We're set to embark on a journey of fine-tuning and system integration, with the following phases:

1. **Dataset Curation:** Assembling a rich dataset to train the phi-3 model, covering a wide spectrum of query types.
   
2. **Precision Fine-Tuning:** Employing QLoRA to fine-tune the phi-3 model, enhancing its ability to accurately classify and route queries.
   
3. **Seamless System Integration:** Incorporating the refined model into our retrieval framework, tailored to adapt to diverse search scenarios.
   
4. **Benchmarking Success:** Evaluating our system's performance in real-world and controlled environments to confirm our anticipated gains in accuracy, responsiveness, and efficiency.

By embarking on this project, we aim to not only elevate the precision and efficiency of our retrieval system but also to redefine the benchmarks for language processing tasks through innovative fine-tuning of the phi-3 model.

## 0. Setup Azure Machine Learning (AML) Requirements

To establish a connection with an Azure Machine Learning workspace, specific identifying parameters are required: a subscription ID, a resource group name, and a workspace name. These details will be utilized with the `MLClient` from `azure.ai.ml` to access the desired Azure Machine Learning workspace. For authentication, the default Azure credentials will be employed in this hands-on guide.

In [2]:
from dotenv import load_dotenv
from azure.identity import DefaultAzureCredential, InteractiveBrowserCredential
from azure.ai.ml import MLClient, Input
from azure.ai.ml.dsl import pipeline
from azure.ai.ml import load_component
from azure.ai.ml import command
from azure.ai.ml.entities import Data
from azure.ai.ml import Input
from azure.ai.ml import Output
from azure.ai.ml.constants import AssetTypes
import yaml
import os

# Load environment variables from .env file
load_dotenv()

# Gather values from .env
AZURE_SUBSCRIPTION_ID = os.getenv('AZURE_SUBSCRIPTION_ID')
AZURE_RESOURCE_GROUP = os.getenv('AZURE_RESOURCE_GROUP')
AZURE_WORKSPACE = os.getenv('AZURE_WORKSPACE')

In [3]:
import yaml

with open(r'src\finetuning\phi3\config.yaml') as f:
    config = yaml.load(f, Loader=yaml.FullLoader)

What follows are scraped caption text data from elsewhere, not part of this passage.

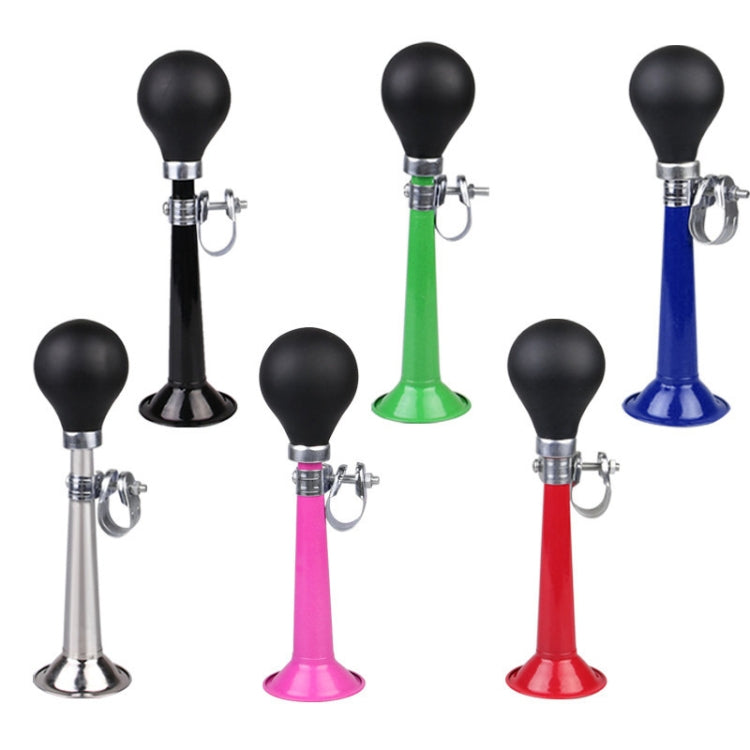 2pcs 7 inch Metal Plating Bicycle Air Horn Bicycle Accessories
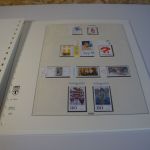 Bund 1995-1999 postfrisch komplett inkl. Lindner T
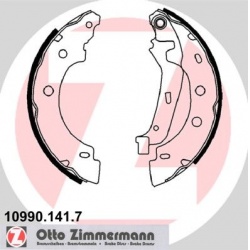 stabdžių trinkelių komplektas
                                ZIMMERMANN                                                10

# Configuration for Azure and model setup
azure_config = {
    'data_directory': config['config']['data_directory'],
    'cloud_storage_directory': config['config']['cloud_storage_directory'],
    'model_identifier': config['config']['model_identifier'],
    'debug_mode_enabled': config['config']['debug_mode_enabled'],
    'use_low_priority_vm_option': config['config']['use_low_priority_vm_option']
}

# Training environment settings on Azure
azure_training_settings = {
    'azure_environment_name': config['training_settings']['azure_environment_name'],
    'azure_compute_cluster_name': config['training_settings']['azure_compute_cluster_name'],
    'azure_compute_cluster_vm_size': config['training_settings']['azure_compute_cluster_vm_size']
}

In [4]:
from src.aml_helper import AMLManager

ml_manager = AMLManager(AZURE_SUBSCRIPTION_ID, 
                        AZURE_RESOURCE_GROUP, 
                        AZURE_WORKSPACE)

In [5]:
ml_manager.get_or_create_environment_asset(azure_training_settings['azure_environment_name'],
                                           conda_yml="src/finetuning/phi3/env/conda.yaml",
                                           update=True)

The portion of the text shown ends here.